Islam mempunyai cara mengelola stres seperti dalam Alquran surat Al Baqarah ayat 155 yang artinya "Dan sungguh akan Kami berikan cobaan kepadamu, dengan sedikit ketakutan, kelaparan, kekurangan harta, jiwa dan buah-buahan dan berikanlah berita gembira kepada orang-orang yang sabar." Ada beberapa macam cara untuk mengatur emosi (regulasi emosi) dalam Islam, seperti acceptance, cognitive reappraisal, dan suppressive (penekanan). Acceptance adalah penerimaan, dalam islam memahami dan menerima takdir-takdir Allah yang telah ditentukan.
Bahkan dalam surat Al-Insyirah ayat 5 dan 6, Allah menegaskan dalam susunan redaksi ayat yang sama, "Karena sesungguhnya sesudah kesulitan itu ada kemudahan. Sesungguhnya sesudah kesulitan itu ada kemudahan." Sehingga muslim memandang setiap permasalahan hidup akan diberikan jalan keluar dengan sikap sabar. Kualitas keimanan seseorang dapat dilihat dari caranya bersikap ketika stres.
Bucker (1991) dan Wallace (2007) menyatakan bahwa ada beberapa macam jenis stressor (penyebab stres) yang dialami manusia seperti kematian, perceraian, kesulitan ekonomi, frustasi, konflik, dan tekanan. Stres yang terjadi akan menimbulkan berbagai komplikasi gangguan secara fisik, sosial, maupun psikologis. Stres tidak mungkin dihindari, karena ujian dan cobaan dari Allah tidak dapat diatur oleh manusia. Langkah terbaik menghadapi sikap dan perilaku mengelola emosi agar mampu menangkal akibat stres.
Dalam Alquran, ada beberapa langkah yang bisa dilakukan seorang muslim untuk mengatasi stres akibat permasalahan hidup. (1) Niat ikhlas dalam surat At Taubah ayat 91, (2) Sabar dan salat dalam surat Al Baqarah ayat 153, (3) Bersyukur dan berserah diri dalam surat Al Baqarah ayat 156, (4) Doa dan zikir dalam surat Ar Ra'd ayat 28.

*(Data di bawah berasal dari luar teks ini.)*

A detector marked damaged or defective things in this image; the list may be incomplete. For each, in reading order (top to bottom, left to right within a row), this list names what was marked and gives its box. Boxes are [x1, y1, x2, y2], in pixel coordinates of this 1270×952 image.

Cara berpikir negatif yang menekankan persepsi stres sebagai sesuatu yang mengancam dan merugikan, perlu diubah menjadi berpikir positif yang menekankan kepada pengartian stres sebagai sesuatu yang tidak perlu dicemaskan. Bahkan individu perlu melihat adanya peluanguntuk mengatasi stres dan harapan-harapan positif lainnya. Saat musibah atau masalah datang, biasanya seseorang akan mudah timbul rasa kehilangan sesuatu dari dalam dirinya.

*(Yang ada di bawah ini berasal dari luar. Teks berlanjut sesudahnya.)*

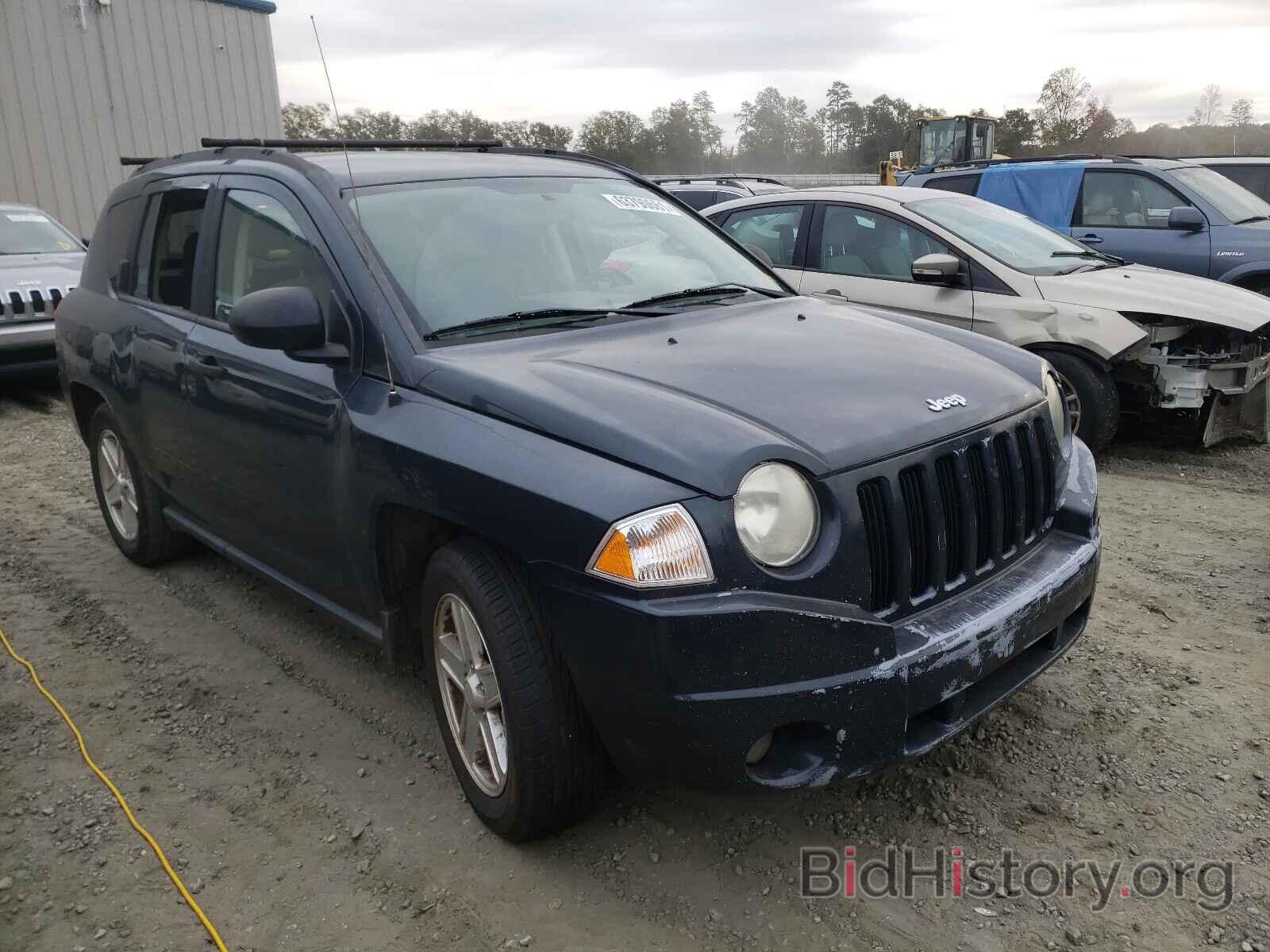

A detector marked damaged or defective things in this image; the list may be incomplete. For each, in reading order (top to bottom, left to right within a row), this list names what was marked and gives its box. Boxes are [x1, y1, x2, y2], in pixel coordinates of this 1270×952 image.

Hal ini membutuhkan rasa percaya (keimanan) bahwa kita (mausia) bukan siapa-siapa, diri ini adalah milik Allah. Apa punyang ada pada sekeliling kita adalah milik Allah SWT. Mensyukuri nikmat yang sudah diberikan dan selalu berserah diri untuk menghindarkan dari perasaan serakah dan beban pikiran lainnya.